I have also seen plays that are completely the opposite. There doesn’t appear to be a story. There doesn’t appear to be plot. There are no real characters. For these plays, all of a sudden, I have to do the work in order to make sense of it all. And you can be pretty sure that every single audience member got something different out of it.
I want to talk about this second kind of play. For now, I’m going to call this kind of play a discussion play, because for me, the best part about these kinds of plays is the discussion I have with my friends afterwards. We’ll all sit down in a restaurant or a cafe, order some food, and try to figure out what the hell we just saw. Theories are tossed around. Everybody brings their own unique impressions and observations to the table. A very rich ecosystem of ideas develops.
Back to Peer Code Reviews
(trust me, this all ties together in the end)
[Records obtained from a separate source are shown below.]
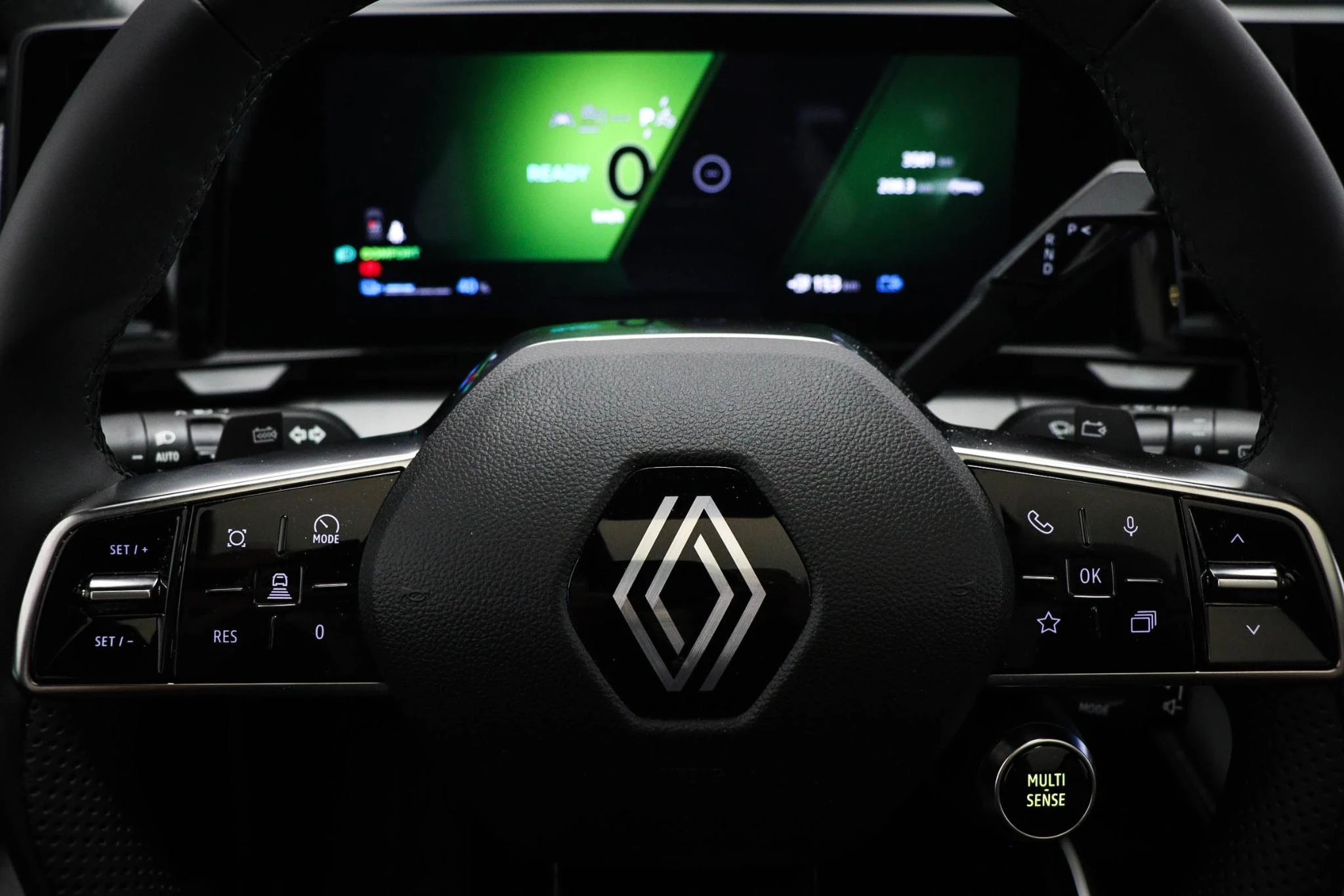 Hoofdafbeelding Renault Scénic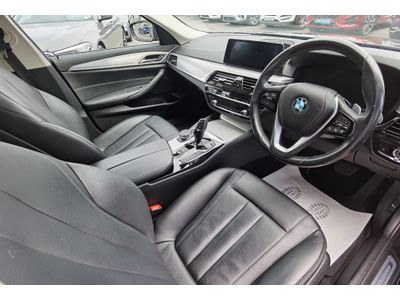 2019 BMW 5 Series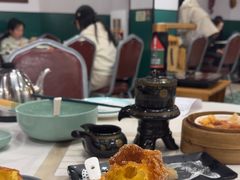 -喜势点·糖沙翁手工茶点·本地人茶居(永庆坊店)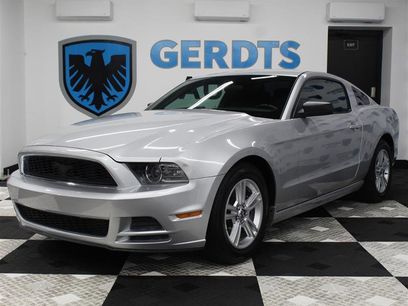 Used 2013 Ford Mustang Coupe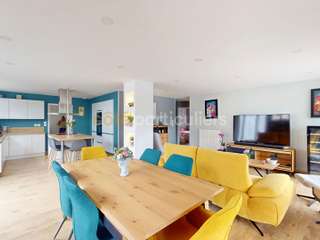 Vente appartement 5 pièces
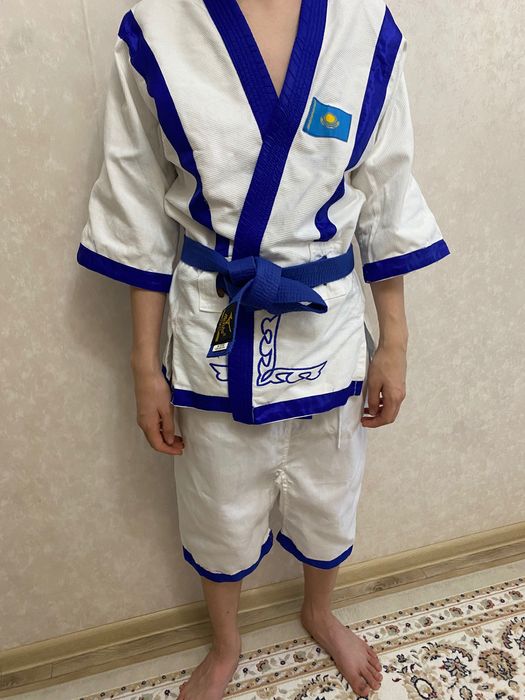 Форма для казакша курес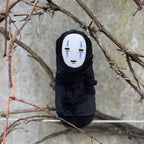 Imagen del producto Viaje de Chihiro al País de los Hechizos - Figura de Peluche Sin Cara 20 cm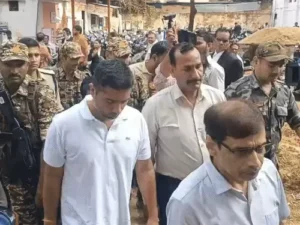 Chhattisgarh Crimes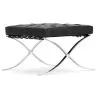 Leather Upholstered Footrest - Town image 7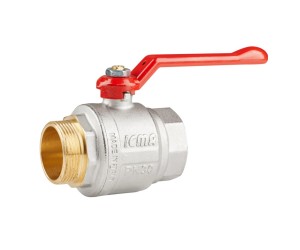 Кран кульовий Icma 1 1/2 прямий №352 ICMA  87352AH11
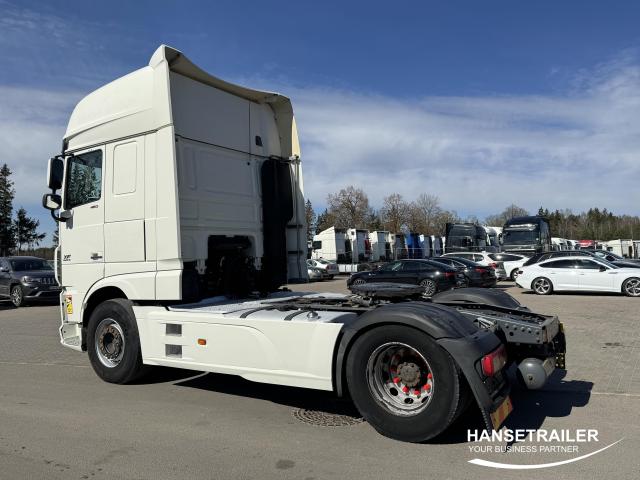 DAF XF 460 FT SSC Super Space Cab Retarder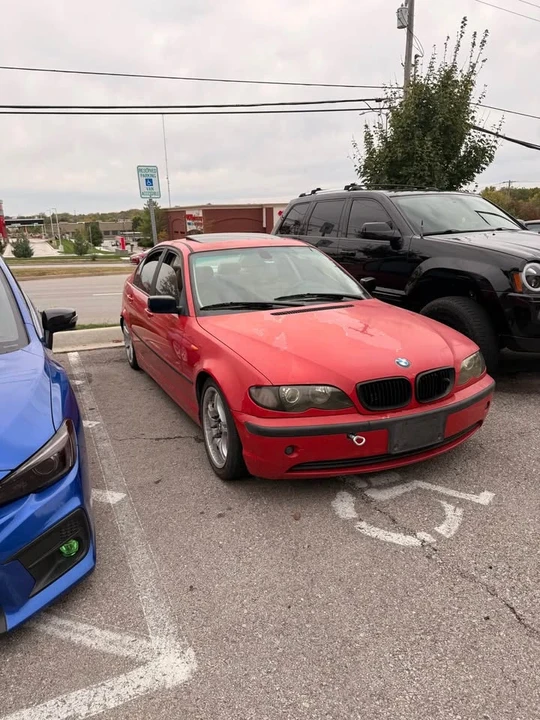 2004 BMW E46 3 Series - Image 2 of 6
When Jason Cohen did his Peer Review at Cisco Study, he noticed that code that had been prepared by the author for review seemed to have a lower defect density than code that had not been prepared.
What do I mean by prepared? I’ll let Jason Cohen explain:
The idea of “author preparation” is that authors should annotate their source code before the review begins. Annotations guide the reviewer through the changes, showing which files to look at first and defending the reason and methods behind each code modification. The theory is that because the author has to re-think all the changes during the annotation process, the author will himself uncover most of the defects before the review even begins, thus making the review itself more efficient. Reviewers will uncover problems the author truly would not have thought of otherwise.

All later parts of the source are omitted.